Ini Jenis Hukuman Bagi Koruptor di 7 Negara, Salah Satunya Ada yang Dipenggal!

Baca Juga

MATA INDONESIA, JAKARTA – Hari Anti Korupsi Sedunia diperingati setiap tanggal 9 Desember. Peringatan ini dimulai setelah Konvensi PBB Melawan Korupsi pada tanggal 31 Oktober 2003 untuk meningkatkan kesadaran anti korupsi.

Berbicara mengenai korupsi, setiap harinya ada saja pejabat yang terbukti melakukan tindakan korupsi atau suap. Bahkan bisa dibilang, korupsi di Indonesia sudah menjadi budaya.

Di Indonesia sendiri tindak pidana korupsi diatur dalam Undaang-Undang No. 20 Tahun 2001. Meski korupsi sudah menjamur, namun hukuman yang diterapkan Indonesia untuk para koruptor tidaklah sebanding dengan kejahatan yang telah dilakukan.

Maksimal hanya 20 tahun penjara, itu pun sedikit sekali yang diterapkan hingga akhir. Banyak juga yang hanya didakwa dua atau tiga tahun saja. Selain itu, atas nama kelakuan baik dan berbagai remisi, hukuman yang tadinya 15 tahun bisa berakhir dengan 4 tahun saja.

Di penjara pun hidupnya tidak melulu menderita. Ada yang ruang penjaranya seperti hotel, atau narapidana itu sendiri masih bisa pelesiran seperti Gayus Tambunan. Dengan hukuman yang tak menimbulkan efek jera, tak heran korupsi di Indonesia sulit untuk diberantas.

Itu di Indonesia, lain halnya hukuman di negara lain. Seperti apa ya? Yuk simak hukuman untuk para koruptor di berbagai negara berikut:

1. China

Sejak Xi Jinping menjadi Presiden China pada tahun 2013, negara ini memberlakukan hukuman mati untuk para koruptor tanpa terkecuali. Nggak peduli apakah dia petugas biasa ataupun pejabat tinggi negara.

Semenjak saat itu, sudah ribuan orang yang menjalani eksekusi mati dengan berbagai hukuman, dari yang ditembak di tempat khusus hingga ditembak di depan publik.

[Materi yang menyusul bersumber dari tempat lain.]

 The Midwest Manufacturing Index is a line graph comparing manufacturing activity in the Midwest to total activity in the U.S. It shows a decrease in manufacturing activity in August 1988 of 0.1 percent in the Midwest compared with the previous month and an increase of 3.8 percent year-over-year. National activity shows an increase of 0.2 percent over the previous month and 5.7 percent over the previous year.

Mantan Menteri Perkertaapian, Liu Zhijun, adalah yang termasuk dieksekusi mati karena kasus korupsi dan suap. Ada pula Zhou Yhongkang, mantan pejabat tinggi negara yang mendekam di penjara untuk menghabiskan sisa hidupnya.

2. Korea Utara

Banyak negara yang sudah menerapkan hukuman mati bagi terpidana korupsi, termasuk Korea Utara. Namun di negara ini, caranya bisa dibilang cukup mengerikan.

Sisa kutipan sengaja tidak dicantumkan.